Der letzte Abschnitt der Geschichte der parapsychologischen Forschung war der Beginn einer wissenschaftlichen Untersuchung von Psi-Phänomenen an einigen Universitäten um 1930 unter dem Eindruck der Experimente von J.B. und Louisa Rhine, die es sich
zur Aufgabe gemacht hatten den Spuk ins Labor zu holen. Wichtig für den europäischen
Raum waren die Gründung des „Institut für Grenzgebiete der Psychologie und
Psychohygiene (IGPP)“ 1950 in Freiburg i.Br. unter Dr. Hans Bender
und der 1985 gegründete Arthur-Koestler-Lehrstuhl für Parapsychologie an der
Universität Edinburgh unter der noch immer bestehenden Leitung von
Prof. R.L. Morris. (vgl. von Lucadou, 1997)
Zur Methode
Die methodische Vorgangsweise in der parapsychologischen Forschung beruht
auf drei Säulen: 1. die Sammlung, Dokumentation und Klassifikation paranormaler
Spontanberichte; 2. die Feldforschung, also die möglichst objektive Datensammlung
von dafür geeigneten Forschern; und 3. die Laboruntersuchungen, die den
wichtigsten Teil der Daten liefern, da Psi-Phänomene unter kontrollierten
Bedingungen beobachtet und aufgezeichnet werden können. Aus den bisher
durchgeführten Experimenten kann man schließen, dass es sich bei den sog.

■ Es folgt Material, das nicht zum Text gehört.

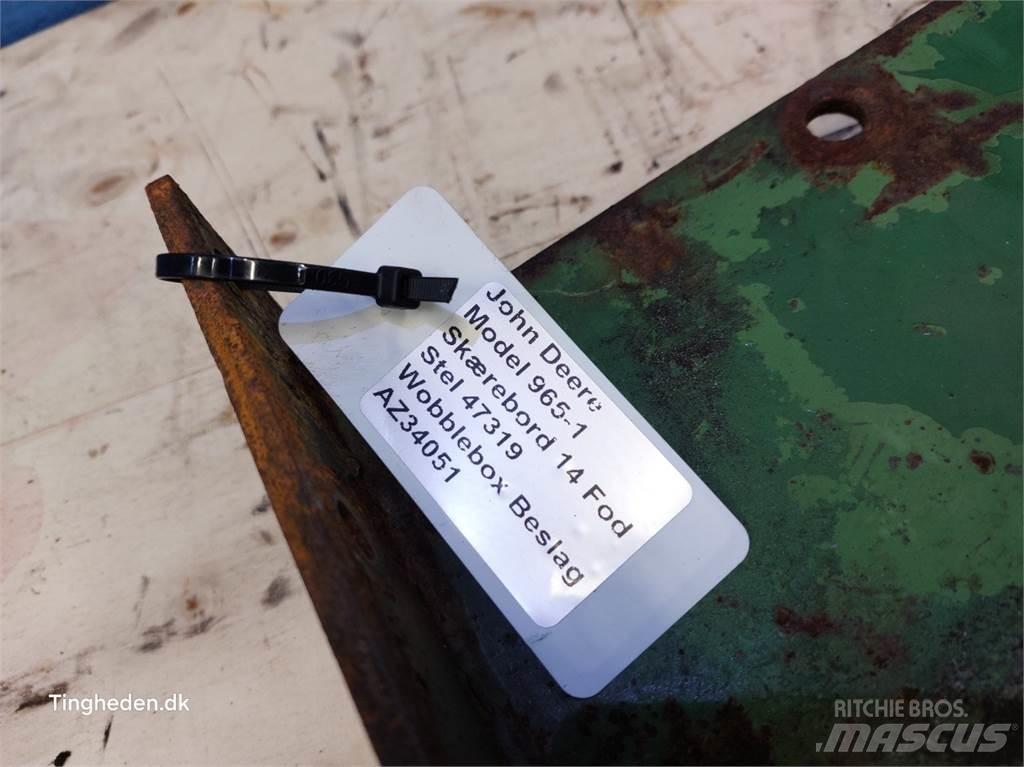 John Deere 965 Combine harvester accessories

„Psi-Effekten“ um zwar schwache, teilweise sehr elusive, aber durchaus
reproduzierbare und dadurch statistisch gesehen „robuste“ Effekte handelt,
wie in den folgenden Kapiteln deutlich gemacht werden soll. Wichtigstes Mittel
dazu ist die Metaanalyse, also die Analyse vieler Experimente, die sich mit
der gleichen Fragestellung beschäftigt haben, über einen längeren Zeitraum
hinweg. (vgl. von Lucadou & Bauer, 2001)
Die Phänomene
Um den Rahmen dieser Arbeit nicht zu sprengen werden hier nur einige
ausgewählte Experimente beschrieben, um das jeweilige Phänomen zu
verdeutlichen und die Chance auf Interpretationen im Bezug auf die
Bewusstseinsforschung zu bieten. Dies soll aber nicht heißen, dass die
vielen, über Jahrzehnte gesammelten, archivierten und hervorragend
dokumentierten Spontanberichte und Einzelfälle keine wichtige Rolle
in der Erforschung und Theoriebildung der parapsychologischen Fragestellung
spielen würden. Beginnend mit der Telepathie werden nun für alle
Bereiche der Psi-Phänomene die wichtigsten in dem Buch von
Dean I. Radin „The Conscious Universe“ (1997) aufbereiteten Experimente
kurz erklärt sowie Metaanalysen über einige der bis 1997 zusammengefassten
Ergebnisse präsentiert.
Telepathie
Telepathieexperimente begannen mit den sog. Kartenexperimenten,
bei denen eine Versuchsperson als Sender einer anderen Versuchsperson
als Empfänger das von ihr betrachtete Kartensymbol (zumeist Quadrat,
Kreis, Wellenlinien, Stern oder Dreieck) mental übermitteln sollte. Diese
Experimente wurden dahingehend verbessert, dass man einerseits
auszuschließen versuchte, dass der Empfänger die Symbole nicht aufgrund
von telepathischer Übertragung sondern wegen seiner Hellsichtigkeit „direkt“,
also ohne einen zwischengeschalteten Sender, sehen konnte. Diese
Möglichkeit gänzlich auszuschließen ist leider bisher nicht gelungen, da es
bis jetzt kein experimentelles setting gab bzw. gibt, dass „reine“
Telepathie testen kann. Diese Unterscheidung ist jedoch nur im experimentellen
Design von Wichtigkeit, da sowohl Telepathie als auch Hellsichtigkeit klassische
Psi-Phänomene sind, und auch der Nachweis einer Mischform aussagekräftig
genug ist.
Andererseits wollte man das setting insgesamt weniger Fehleranfällig machen,
um Kritikern gerecht zu werden. Aufgrund des häufigen Auftretens von spontanen
Psi-Phänomenen im Schlaf hatte man die Idee, den Sender derart zu instruieren,
dass er dem Empfänger unter kontrollierten Bedingungen
während einer REM-Phase per Zufall ausgesuchte Bilder übermitteln sollte.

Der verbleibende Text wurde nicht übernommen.